I just read your piece criticizing Ignatieff’s support for a federal tanker ban and I think it does your readers a disservice.
First things first, a recent poll shows that 80% of British Columbians support a legislated tanker ban in BC’s coastal waters. Assuming politicians are effective when they follow the will of voters, Ignatieff’s policy would appear to be smart, sound and to borrow your allusions to oil, “slick.”
Your piece also falls short of a true “apples to apples” comparison when you compare Vancouver as a petrochemical import/export zone, to Kitimat, and use it as an excuse to allow Enbridge’s project.

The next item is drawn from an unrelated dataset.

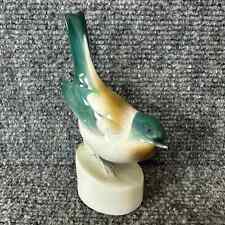 Vintage Zsolnay Pek Hungary porcelain bird titmouse 5” songbird figurine teal picture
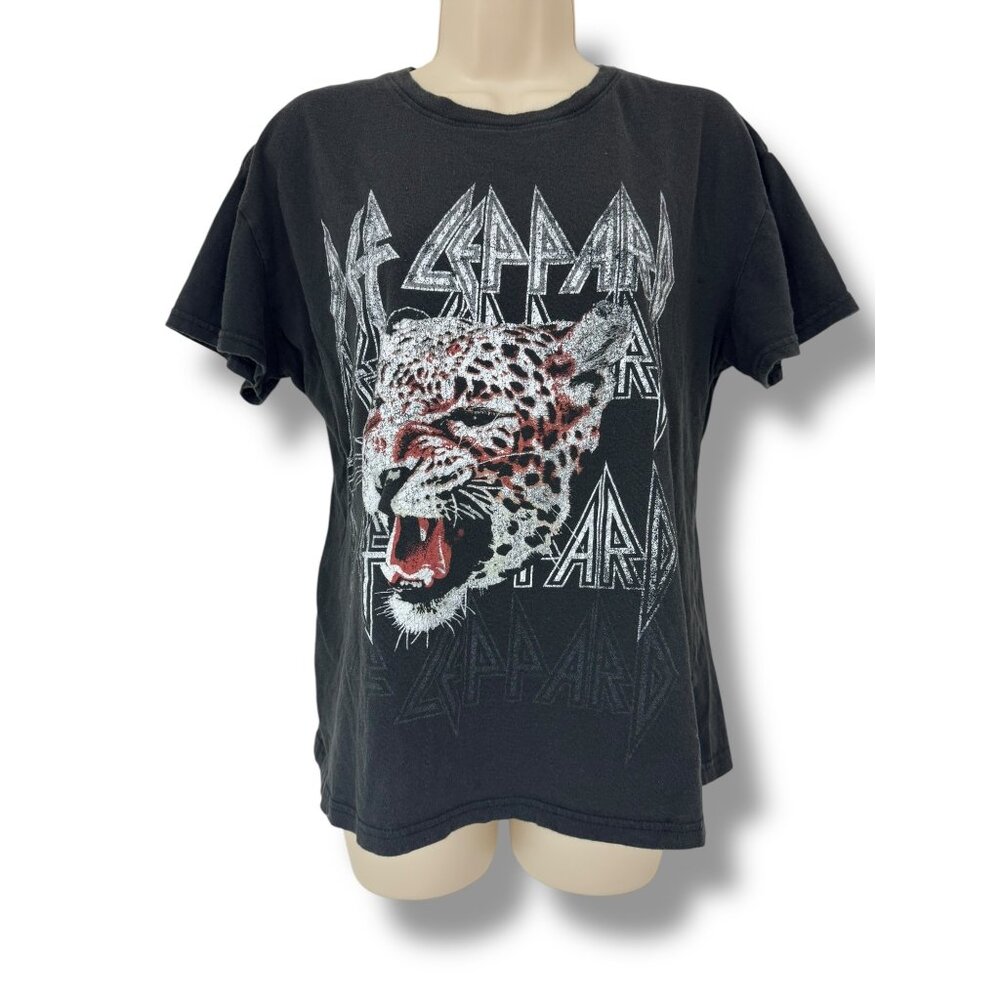 Def Leppard Short Sleeve T-Shirt 100%‎ Cotton Tiger Graphic Tee Concert Size L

A key difference that’s worth keeping in mind when Kitimat is described as being “too dangerous,” is that the Georgia Straight (where tankers travel on their way to Vancouver) is a hell of a lot safer than the Hectate Sraight or the Dixon Entrance where tankers would travel on their way to Kitimat – those waters are some of the most dangerous in the province (known for massive storms, and hard to navigate channels and navigation hazards). The sheer volume of the oil to be transported via the pipeline would also far eclipse anything happening in Vancouver.
All that aside, the question of Enbridge’s Northern Gateway pipeline is about weighing whether or not we as a society want to introduce a far greater ecological risk to one of our province’s most ecologically rich areas in exchange for an estimated 560 long-term jobs (a drop in the bucket) and greater revenue for an already very rich industry (not to mention the climate change implications of shipping and burning tar sands oil as fast as possible in/to Asian markets). A majority of the First Nations who’s territories the pipeline would pass through on its way to Kitimat are unequivocally opposed to the project, precisely because its risks far outweigh the benefits to them. I won’t even get into issues of Aboriginal land title, although it would be nice if project boosters didn’t gloss over the very real social and legal obstacles this project will face with respect to First Nations consultation, and which Ignatieff’s policy can be seen to be taking into consideration on some level.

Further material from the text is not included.